I like to occasionally check out the West Side Rag, this local blog listing all the restaurant openings and closings and health code violations and weird crimes that happen on the Upper West Side. And I saw this story, about a woman who had a crush on a neighborhood guy when she was 19 years old and new to New York City. She thought he was so hot. She dubbed him “Teen Idol.”
And then she did not a damn thing about it for 20 years.
That’s right. The occasion for the story isn’t just that this woman stalked him all over town, but that she wistfully watched him from afar, living his life, until one day, like a year ago, she spotted him in a building where he was working, and where she would be coming regularly. So, you know, she finally got up the nerve to introduce herself. Two decades later.
And just the other day, they got married in Central Park. That’s great! It’s also a crying shame.
Seriously?! Maybe the journalist took some liberties; maybe the woman thought he was cute but wasn’t that interested. Maybe she was involved with someone else 15 of the past 20 years. The story doesn’t say.
But what I do now is this—she waited until she was 39 to grow a pair. OK, so maybe she might have made a move when she was 22, and he may not have been ready for her, or ok, they could have gotten together, had a hot thing going, and flamed out before either of them hit 30. Doesn’t matter. You can call it fate, but I call it crazy.
My problem has always been that people say, “Ah if it’s meant to be, it will be.” But I couldn’t disagree more, because that’s like playing a chess game with fate and deciding that in order to win you won’t move any of your pieces around.
(Read more of my strong feelings about fate. Strong language advisory.)
My question to you is this: You see someone who appeals to you, even a little? What on God’s earth are you waiting for? This city, and most cities, are crawling with people, and the continual churn of randomness of it all is such that you just may not get this chance again.
You say, “Oh but I don’t want to have to ask a guy out.” (Men, you have no excuse. Man up.) But ladies, you don’t have to do that. But you do have to swing that door open so he knows you’re there and that he’s welcome to walk through. And I can’t tell you how many times it’s paid off (many). Including my last serious relationship, which happened because I left my card behind and he followed up.
Ok, I’ll admit, even I choke sometimes: I was playing touch football in a Zogsports league as I do in the spring and fall, and I spotted a cutie, but was like, Jesus, what the hell do I do? Walk up to him at 3pm on a Sunday and ask him out? That’s weird. Hit on him in front of his friends as they change their shoes?

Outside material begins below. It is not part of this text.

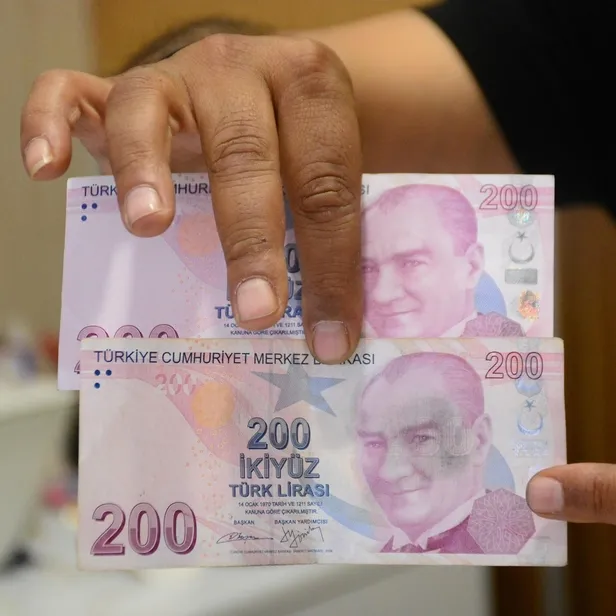 cuzdanda-kumbarada-200-tllik-banknottan-varsa-mujde-yasadiniz-basiniza-talih-kusu-konacak-servet-degerinde-1687627903030.jpg Cüzdanda kumbarada bu 200 TL'lik banknottan varsa müjde yaşadınız! Başınıza talih kuşu konuyor! Değeri tamı tamına...-4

No. So I didn’t do anything. Like a dummy.
Then…last game of the season, guess who we’re playing. Yup. It was a tense game, overtime, the whole thing. We win. Long story, I was late, so I hadn’t played this game, but you better believe I jumped in to do the whole “good game” hand shake thing. And when I got to this handsome fella, I shook his hand and smiled and said quite simply, “You’re so cute.” I said it with a big smile and a silly energy, since it was a high-energy game and I just went with it. “You’re cute, too,” he said. “Well, I regretted not telling you that the first time we played you,” I said.
His reply? “Want to get a drink sometime?”
Yes. Yes I would.
Truth is, he could have said, “Oh, that’s sweet, but I’m married,” or “Why thank you,” and then nothing. Who cares? What do I lose by doing that? Nothing. How am I supposed to know what his deal is. It’s the most blissfully ignorant moment of all. Worst case scenario? He is blushing and flattered and you made his damn day.
Bottom line: Do not wait around and stare at people from afar. Make yourself known. Or you’ll find yourself hobbling toward some old hottie in the nursing home, saying, Didn’t you used to eat at Ray’s Pizza in the 90s? And then your dentures will fall out of your head.